Filipinas amarga - Alfa y Omega

Filipinas es un país que debería resultarnos interesante y querido por muchas razones, pero se sitúa fuera del radio de nuestra atención habitual. Sin embargo este archipiélago evangelizado por los españoles, el único país mayoritariamente católico de todo Extremo Oriente, atraviesa un momento dramático.

Diversas organizaciones defensoras de los derechos civiles, así como numerosos misioneros, han denunciado los macabros resultados de la guerra contra las drogas lanzada por el presidente Rodrigo Duterte. Se estima que unas 7.000 personas han sido asesinadas, mediante ejecuciones sumarias en plena calle, por el hecho de ser sospechosas de tráfico o consumo de drogas.

La Conferencia Episcopal ha publicado un durísimo comunicado en el que califica la situación como «reino del terror», y recuerda que la lacra de las drogas requiere fortalecer a las familias, invertir en educación y rehabilitar a los toxicómanos. Numerosas diócesis han puesto en marcha programas para proteger a las posibles víctimas de una ola justiciera verdaderamente delirante, que cuenta con el apoyo de los aparatos del Estado y con la comprensión de un amplio sector de la sociedad filipina. Esto último produce especial amargura a los obispos, en un país en el que han jugado un papel de referente moral en las diversas crisis nacionales desde la caída de la dictadura de Ferdinand Marcos.

La brutalidad casi obscena con la que se pronuncia y actúa Duterte no merece mucho más comentario.

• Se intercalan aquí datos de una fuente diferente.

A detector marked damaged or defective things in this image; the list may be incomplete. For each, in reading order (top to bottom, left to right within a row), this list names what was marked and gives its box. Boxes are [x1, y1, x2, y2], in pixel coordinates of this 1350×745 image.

Desde su llegada al palacio de Malacañán los obispos han evitado caer en las provocaciones y responder a sus insultos, pero han recordado con valentía verdades que ahora resultan antipáticas de oír para una población harta de inseguridad y corrupción, que ha decidido poner su esperanza en un líder que gusta presentarse como una especie de pistolero.

Más allá del grave problema de futuro que está incubando la sociedad filipina, los obispos tienen que formularse preguntas severas: ¿Cuál es la capacidad educativa real de la Iglesia?, ¿hasta qué punto la religiosidad popular incide en la mentalidad del pueblo?, ¿acaso no se ha desarrollado un laicado maduro capaz de asumir protagonismo en la vida civil? Como ha dicho el presidente de la Conferencia, Sócrates Villegas, la Iglesia tiene que vivir esta encrucijada como un momento de purificación para volver a los orígenes, a lo que es esencial. Muchos esquemas están cayendo, es hora de una nueva misión.